Such great hope

Fri, 11/11/2016 - 10:30am

The morning dawned bright after a long dark night, the sky and sea spread with the same rose gold, a vibrant and hopeful color reflected in the flat calm surface of the big pond behind my house, emerged in early November from its cover of summer greenery. I wondered at it for a bit, even thought of going downstairs and finding my camera but I did not want to turn away from it to find it gone when I returned.

It slid away to a morning more sunny than had been forecast and I tried to sleep a bit more, without success. 

It had been a night of sleep come very late only to be interrupted by the chime announcing — in this case nasty — texts flowing in from someone I've not even seen in a long time, but looking for a fight over the national election, successful bullying in the chill dark of early morning, evaporating into what it truly was, the temper tantrum of a small person, in the light of day. 

It was not much of anything, a few childish messages in the night, just one more layer of the borderline abuse to which we have become accustomed, and been told to ignore.

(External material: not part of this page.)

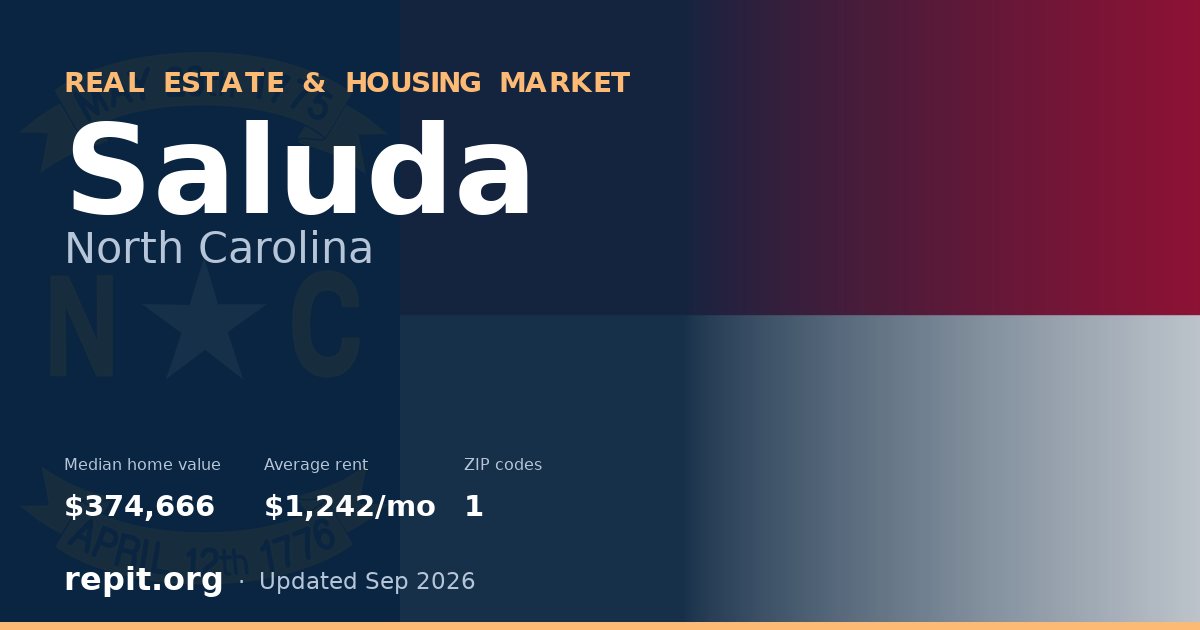 Saluda, NC real estate and housing market — median home value $374,666, average rent $1,242/mo, 1 ZIP code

It’s a hard call, to take the high road or to call out the coward and risk it getting worse before it goes away, incidents I would leave unmentioned but for the fact they so much sum up the last several months in the lives of so many of the people of this nation, not only women. 

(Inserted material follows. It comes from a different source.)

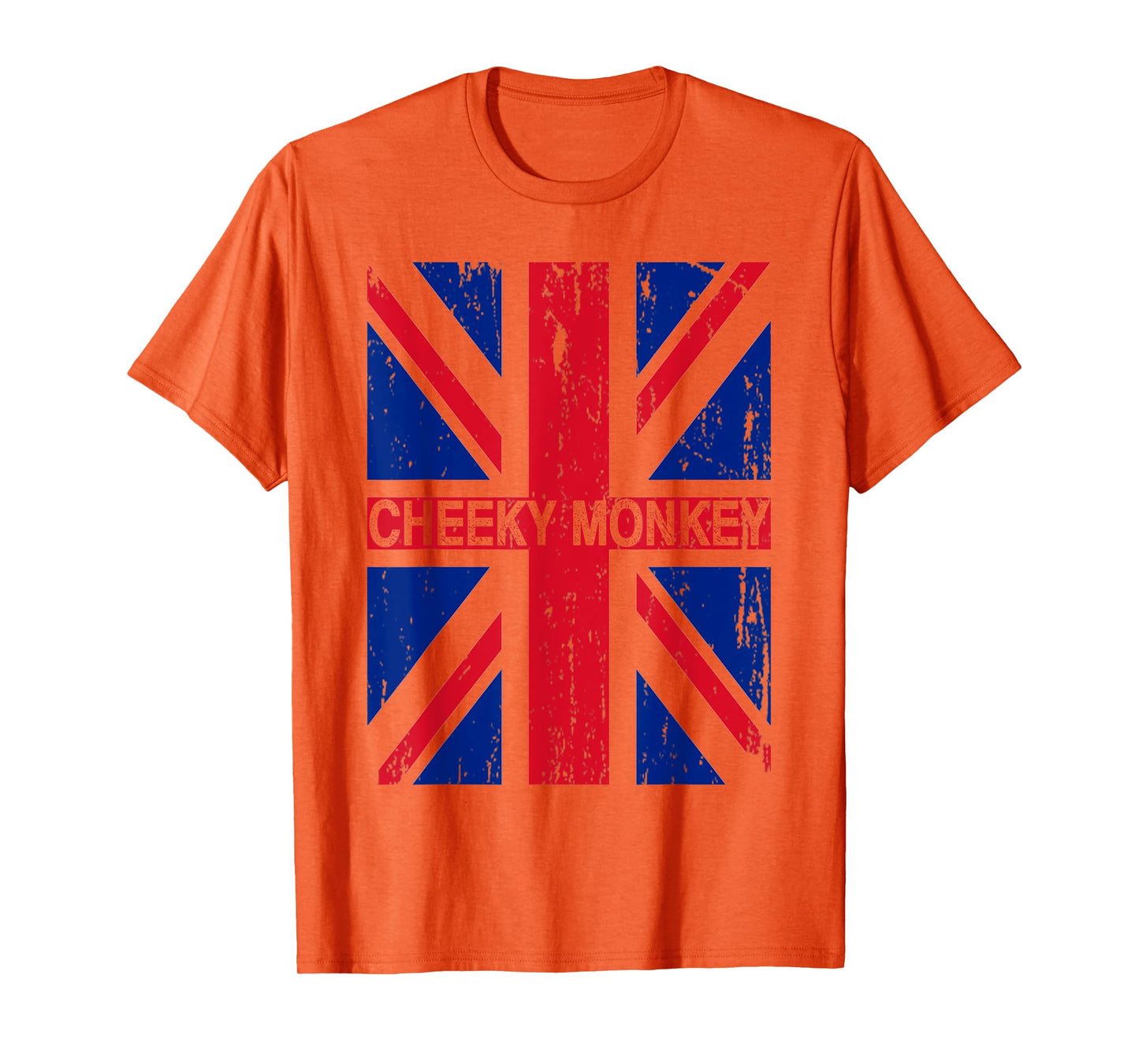 Cheeky Monkey Union Jack Great Britain Flag British Slang T-Shirt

All along I have said I was not seriously worried about the then-candidate, now President-elect, rather the more rabid of his supporters, who would be either angry and out of control or — as seems to be proving true despite the victory — still angry and even more emboldened.

It has not been a full day yet and people are tired, tempers are frayed. Still, as happens after every election, no matter the victor, I am optimistic that somehow the pieces will come together and we will move forward as that one nation we are meant to be. 

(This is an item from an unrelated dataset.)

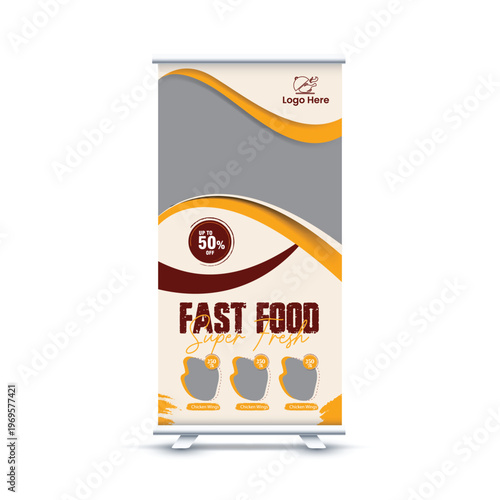 Fast Food Roll-Up Banner Design Template | Restaurant & Street Food Promotion Vector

But, seriously, what kind of mentality does it take to send a text to someone who has just won a Town Council seat? Yes, the absentees remain out as I write but I have been following local elections since before I could vote and have seen wins maintained through final counting with much narrower margins than I have. (I write hoping I am not jinxing myself). The 3:47 a.m. text said: “Well, now you know how it feels to lose. Get used to it!” which, now that the sun is setting, feels more the threat it did last night than in the bright mid-day.

Tonight, I will turn the sound on my phone down to “alarm only.” 

It was already so dark so early before the dreaded fall back of the clocks that it barely seems worse this week than last, with the final gray draining from the sky as 5 p.m. approaches.

Autumn is outside, barking at some thing, real or imagined, and I wander out, wondering if there is a deer, or another dog barking in the distance, or if it is just another case of her barking at the echo of her own voice, which, yes, my sweet Autumn has been known to do.

The fall has been spent moving from one deadline to the next and somehow we are already moving into the second week of November, and with it one of the few holidays that did not fall to the Uniform Monday Holiday Act — or, more accurately, one which was restored to its historic place, Veterans Day, the old Armistice Day, marking the end of the Great War to End All Wars.

It was one of those dates drilled into me by my mother, the eleventh hour of the eleventh day of the eleventh month, a time everyone would remember down through history to its very end. Swords would be beaten into plowshares, spears into pruning hooks and we would learn war no more. We are now only two years short of a century since that auspicious moment in time. 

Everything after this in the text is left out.